| ABOUT THIS EXERCISE |
With both ends included, transcribe exactly the records below from their first line to the line that contains "Q logo isolated".

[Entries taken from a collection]
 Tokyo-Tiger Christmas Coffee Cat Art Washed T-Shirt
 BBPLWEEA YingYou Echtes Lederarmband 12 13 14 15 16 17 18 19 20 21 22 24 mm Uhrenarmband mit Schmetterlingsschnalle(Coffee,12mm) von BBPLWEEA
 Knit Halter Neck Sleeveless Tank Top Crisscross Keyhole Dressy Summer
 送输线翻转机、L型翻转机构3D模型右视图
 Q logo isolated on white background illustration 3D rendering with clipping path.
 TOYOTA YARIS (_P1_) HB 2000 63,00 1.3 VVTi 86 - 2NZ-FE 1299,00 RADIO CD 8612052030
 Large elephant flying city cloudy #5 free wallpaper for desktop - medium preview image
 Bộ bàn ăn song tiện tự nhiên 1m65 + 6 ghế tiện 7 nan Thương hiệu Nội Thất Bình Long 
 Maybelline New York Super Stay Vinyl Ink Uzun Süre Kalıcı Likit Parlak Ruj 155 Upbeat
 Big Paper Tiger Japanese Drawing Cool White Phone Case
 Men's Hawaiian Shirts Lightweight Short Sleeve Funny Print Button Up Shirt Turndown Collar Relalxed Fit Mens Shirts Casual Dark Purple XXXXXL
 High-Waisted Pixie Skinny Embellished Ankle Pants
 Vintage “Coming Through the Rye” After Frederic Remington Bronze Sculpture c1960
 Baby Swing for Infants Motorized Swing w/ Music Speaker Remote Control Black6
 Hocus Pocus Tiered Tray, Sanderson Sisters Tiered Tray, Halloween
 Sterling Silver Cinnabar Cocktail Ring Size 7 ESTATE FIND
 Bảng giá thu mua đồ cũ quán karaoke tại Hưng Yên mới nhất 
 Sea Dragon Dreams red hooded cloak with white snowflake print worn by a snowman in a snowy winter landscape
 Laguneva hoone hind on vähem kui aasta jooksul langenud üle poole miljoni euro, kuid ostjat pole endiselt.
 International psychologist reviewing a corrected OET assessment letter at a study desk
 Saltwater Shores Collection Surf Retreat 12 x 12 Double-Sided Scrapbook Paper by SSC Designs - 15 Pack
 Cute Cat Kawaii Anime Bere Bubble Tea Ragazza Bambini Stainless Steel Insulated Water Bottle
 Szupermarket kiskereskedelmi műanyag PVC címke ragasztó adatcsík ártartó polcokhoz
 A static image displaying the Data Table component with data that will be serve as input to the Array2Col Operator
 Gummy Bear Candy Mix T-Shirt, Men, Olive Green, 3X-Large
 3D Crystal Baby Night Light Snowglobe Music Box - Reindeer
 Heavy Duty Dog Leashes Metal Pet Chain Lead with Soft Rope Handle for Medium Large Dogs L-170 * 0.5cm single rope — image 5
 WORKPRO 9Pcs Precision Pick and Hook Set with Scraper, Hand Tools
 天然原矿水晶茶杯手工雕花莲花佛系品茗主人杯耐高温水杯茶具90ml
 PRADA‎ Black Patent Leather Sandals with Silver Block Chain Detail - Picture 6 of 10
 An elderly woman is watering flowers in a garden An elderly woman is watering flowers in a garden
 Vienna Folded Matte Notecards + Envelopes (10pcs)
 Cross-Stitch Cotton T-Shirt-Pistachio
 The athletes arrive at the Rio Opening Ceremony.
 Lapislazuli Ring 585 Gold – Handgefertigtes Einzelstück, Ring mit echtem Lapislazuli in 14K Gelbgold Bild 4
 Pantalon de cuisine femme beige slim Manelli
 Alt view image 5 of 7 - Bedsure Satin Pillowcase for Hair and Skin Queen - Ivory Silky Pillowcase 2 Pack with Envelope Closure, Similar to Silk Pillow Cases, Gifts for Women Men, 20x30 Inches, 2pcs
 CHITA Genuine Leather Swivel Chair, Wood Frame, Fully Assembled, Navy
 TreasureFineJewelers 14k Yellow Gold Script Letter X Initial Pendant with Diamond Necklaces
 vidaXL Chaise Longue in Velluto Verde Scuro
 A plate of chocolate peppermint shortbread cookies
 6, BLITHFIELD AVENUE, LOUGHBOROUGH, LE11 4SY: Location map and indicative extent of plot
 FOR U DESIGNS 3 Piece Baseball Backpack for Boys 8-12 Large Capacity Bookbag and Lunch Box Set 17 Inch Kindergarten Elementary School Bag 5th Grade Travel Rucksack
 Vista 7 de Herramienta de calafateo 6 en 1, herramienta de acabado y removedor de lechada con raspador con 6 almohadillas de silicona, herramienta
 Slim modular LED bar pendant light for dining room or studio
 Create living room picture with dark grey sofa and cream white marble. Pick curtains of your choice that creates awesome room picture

| EXERCISE SOLUTION |
 Tokyo-Tiger Christmas Coffee Cat Art Washed T-Shirt
 BBPLWEEA YingYou Echtes Lederarmband 12 13 14 15 16 17 18 19 20 21 22 24 mm Uhrenarmband mit Schmetterlingsschnalle(Coffee,12mm) von BBPLWEEA
 Knit Halter Neck Sleeveless Tank Top Crisscross Keyhole Dressy Summer
 送输线翻转机、L型翻转机构3D模型右视图
 Q logo isolated on white background illustration 3D rendering with clipping path.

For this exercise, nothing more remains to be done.